Your objective
Retype, word for word, each line between the lines holding "2.6.2.2 Foundation work" and "2.6.2.3 Masonry Work", inclusive, and leave the rest of the data alone.
--- Raw data Enclosed Below ---
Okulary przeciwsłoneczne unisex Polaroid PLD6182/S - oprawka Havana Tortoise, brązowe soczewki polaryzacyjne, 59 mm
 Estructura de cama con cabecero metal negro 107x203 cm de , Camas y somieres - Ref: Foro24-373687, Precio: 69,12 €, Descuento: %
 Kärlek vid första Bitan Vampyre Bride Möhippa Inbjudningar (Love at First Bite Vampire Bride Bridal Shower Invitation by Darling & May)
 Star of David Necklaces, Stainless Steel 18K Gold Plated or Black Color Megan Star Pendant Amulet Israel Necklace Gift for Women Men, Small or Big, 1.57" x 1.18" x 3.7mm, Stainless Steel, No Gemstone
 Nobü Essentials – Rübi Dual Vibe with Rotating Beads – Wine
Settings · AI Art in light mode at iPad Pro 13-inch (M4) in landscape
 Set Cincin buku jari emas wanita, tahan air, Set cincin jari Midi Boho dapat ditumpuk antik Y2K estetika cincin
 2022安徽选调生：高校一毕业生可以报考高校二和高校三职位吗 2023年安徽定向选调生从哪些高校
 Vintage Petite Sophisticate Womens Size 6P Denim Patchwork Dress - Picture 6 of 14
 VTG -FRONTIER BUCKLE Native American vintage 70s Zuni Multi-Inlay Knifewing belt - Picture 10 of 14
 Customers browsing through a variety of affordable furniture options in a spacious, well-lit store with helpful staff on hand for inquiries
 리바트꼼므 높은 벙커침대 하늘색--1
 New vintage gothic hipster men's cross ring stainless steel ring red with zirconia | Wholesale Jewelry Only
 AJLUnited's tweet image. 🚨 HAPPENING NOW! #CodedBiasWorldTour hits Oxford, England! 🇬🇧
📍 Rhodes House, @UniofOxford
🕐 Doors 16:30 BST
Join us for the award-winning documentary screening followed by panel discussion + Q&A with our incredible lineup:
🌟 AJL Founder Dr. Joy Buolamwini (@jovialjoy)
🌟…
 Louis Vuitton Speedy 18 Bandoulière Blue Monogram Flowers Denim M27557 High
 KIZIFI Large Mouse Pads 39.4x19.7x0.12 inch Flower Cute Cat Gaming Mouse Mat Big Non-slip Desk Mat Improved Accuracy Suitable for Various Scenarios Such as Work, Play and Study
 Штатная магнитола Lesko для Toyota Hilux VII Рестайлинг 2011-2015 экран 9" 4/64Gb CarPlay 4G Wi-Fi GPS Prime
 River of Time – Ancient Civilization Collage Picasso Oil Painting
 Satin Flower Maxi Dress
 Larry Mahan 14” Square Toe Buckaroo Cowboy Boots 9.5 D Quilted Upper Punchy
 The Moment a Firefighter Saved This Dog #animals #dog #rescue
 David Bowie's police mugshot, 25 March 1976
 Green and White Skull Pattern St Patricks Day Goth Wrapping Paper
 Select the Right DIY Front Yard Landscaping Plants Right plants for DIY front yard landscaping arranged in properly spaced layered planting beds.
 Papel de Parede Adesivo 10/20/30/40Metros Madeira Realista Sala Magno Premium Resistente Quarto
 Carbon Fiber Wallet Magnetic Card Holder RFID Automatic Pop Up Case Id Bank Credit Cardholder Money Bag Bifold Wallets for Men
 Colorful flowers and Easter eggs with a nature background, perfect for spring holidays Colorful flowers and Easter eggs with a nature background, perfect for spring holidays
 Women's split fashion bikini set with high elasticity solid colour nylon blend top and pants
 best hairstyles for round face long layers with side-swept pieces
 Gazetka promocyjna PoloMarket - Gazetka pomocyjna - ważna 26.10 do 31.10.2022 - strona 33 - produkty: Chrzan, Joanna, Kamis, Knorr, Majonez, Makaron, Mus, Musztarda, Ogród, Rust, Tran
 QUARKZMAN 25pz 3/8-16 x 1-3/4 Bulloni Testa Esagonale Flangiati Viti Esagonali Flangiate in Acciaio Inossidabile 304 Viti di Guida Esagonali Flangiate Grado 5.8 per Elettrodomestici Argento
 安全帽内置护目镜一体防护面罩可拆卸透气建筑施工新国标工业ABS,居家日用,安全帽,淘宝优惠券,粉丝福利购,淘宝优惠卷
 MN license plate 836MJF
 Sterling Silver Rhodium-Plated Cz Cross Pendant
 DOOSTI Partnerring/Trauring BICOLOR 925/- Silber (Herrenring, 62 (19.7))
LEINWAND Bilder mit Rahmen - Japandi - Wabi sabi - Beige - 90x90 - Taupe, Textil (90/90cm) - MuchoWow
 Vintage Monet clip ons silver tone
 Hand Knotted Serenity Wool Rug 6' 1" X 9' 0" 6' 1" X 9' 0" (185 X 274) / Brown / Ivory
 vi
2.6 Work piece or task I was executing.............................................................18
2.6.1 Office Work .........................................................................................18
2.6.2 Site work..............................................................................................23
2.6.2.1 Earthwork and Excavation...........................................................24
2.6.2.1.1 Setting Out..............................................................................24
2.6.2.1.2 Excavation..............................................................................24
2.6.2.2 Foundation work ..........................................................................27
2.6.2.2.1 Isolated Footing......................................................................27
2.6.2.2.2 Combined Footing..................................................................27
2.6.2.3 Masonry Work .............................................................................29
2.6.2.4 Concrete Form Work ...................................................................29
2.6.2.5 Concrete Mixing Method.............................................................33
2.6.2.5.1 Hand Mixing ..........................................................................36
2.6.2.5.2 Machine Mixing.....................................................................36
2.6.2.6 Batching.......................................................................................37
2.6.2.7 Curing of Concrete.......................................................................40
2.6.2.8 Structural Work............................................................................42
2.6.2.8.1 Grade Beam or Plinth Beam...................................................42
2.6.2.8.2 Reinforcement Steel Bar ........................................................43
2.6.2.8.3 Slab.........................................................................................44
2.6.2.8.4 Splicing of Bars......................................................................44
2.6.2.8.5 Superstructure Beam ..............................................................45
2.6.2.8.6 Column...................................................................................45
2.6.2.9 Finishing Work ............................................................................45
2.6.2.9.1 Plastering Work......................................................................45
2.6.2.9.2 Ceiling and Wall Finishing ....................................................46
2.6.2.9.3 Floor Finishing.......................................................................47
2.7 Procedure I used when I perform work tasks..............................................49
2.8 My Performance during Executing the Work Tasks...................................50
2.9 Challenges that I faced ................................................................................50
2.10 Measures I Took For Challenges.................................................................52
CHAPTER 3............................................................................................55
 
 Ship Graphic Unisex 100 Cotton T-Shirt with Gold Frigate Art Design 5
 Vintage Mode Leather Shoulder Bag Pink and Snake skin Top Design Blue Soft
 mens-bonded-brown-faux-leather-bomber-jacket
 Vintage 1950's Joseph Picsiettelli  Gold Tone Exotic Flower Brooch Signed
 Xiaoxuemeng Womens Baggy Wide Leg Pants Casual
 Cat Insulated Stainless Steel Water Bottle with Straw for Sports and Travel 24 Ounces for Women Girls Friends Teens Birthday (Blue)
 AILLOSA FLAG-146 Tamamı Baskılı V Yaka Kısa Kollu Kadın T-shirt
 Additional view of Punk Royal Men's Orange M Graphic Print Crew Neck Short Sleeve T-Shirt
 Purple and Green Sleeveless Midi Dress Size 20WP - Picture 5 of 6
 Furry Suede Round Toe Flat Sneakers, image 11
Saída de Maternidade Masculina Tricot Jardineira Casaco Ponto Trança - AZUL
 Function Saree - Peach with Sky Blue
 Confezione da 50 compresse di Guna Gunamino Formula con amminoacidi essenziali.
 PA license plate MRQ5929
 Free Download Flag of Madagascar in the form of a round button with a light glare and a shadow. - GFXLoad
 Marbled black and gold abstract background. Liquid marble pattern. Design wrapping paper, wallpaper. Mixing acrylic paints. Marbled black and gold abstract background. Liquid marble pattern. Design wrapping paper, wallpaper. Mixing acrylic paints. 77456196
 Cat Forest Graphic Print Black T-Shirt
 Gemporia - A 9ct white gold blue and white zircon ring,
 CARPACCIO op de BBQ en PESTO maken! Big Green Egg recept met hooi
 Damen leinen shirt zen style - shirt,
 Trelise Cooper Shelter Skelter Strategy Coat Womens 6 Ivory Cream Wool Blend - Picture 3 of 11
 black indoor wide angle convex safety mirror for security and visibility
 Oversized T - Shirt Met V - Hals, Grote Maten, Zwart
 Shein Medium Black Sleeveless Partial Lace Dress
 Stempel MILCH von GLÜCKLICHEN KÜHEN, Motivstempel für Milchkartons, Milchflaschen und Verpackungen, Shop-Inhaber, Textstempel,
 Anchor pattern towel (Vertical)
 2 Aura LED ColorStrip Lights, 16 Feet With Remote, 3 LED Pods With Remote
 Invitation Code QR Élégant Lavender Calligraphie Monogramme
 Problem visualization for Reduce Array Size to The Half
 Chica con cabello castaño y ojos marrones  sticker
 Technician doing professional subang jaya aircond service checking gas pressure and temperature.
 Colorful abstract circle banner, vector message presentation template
--- End of Enclosed Raw data ---
Answer below
2.6.2.2 Foundation work ..........................................................................27
2.6.2.2.1 Isolated Footing......................................................................27
2.6.2.2.2 Combined Footing..................................................................27
2.6.2.3 Masonry Work .............................................................................29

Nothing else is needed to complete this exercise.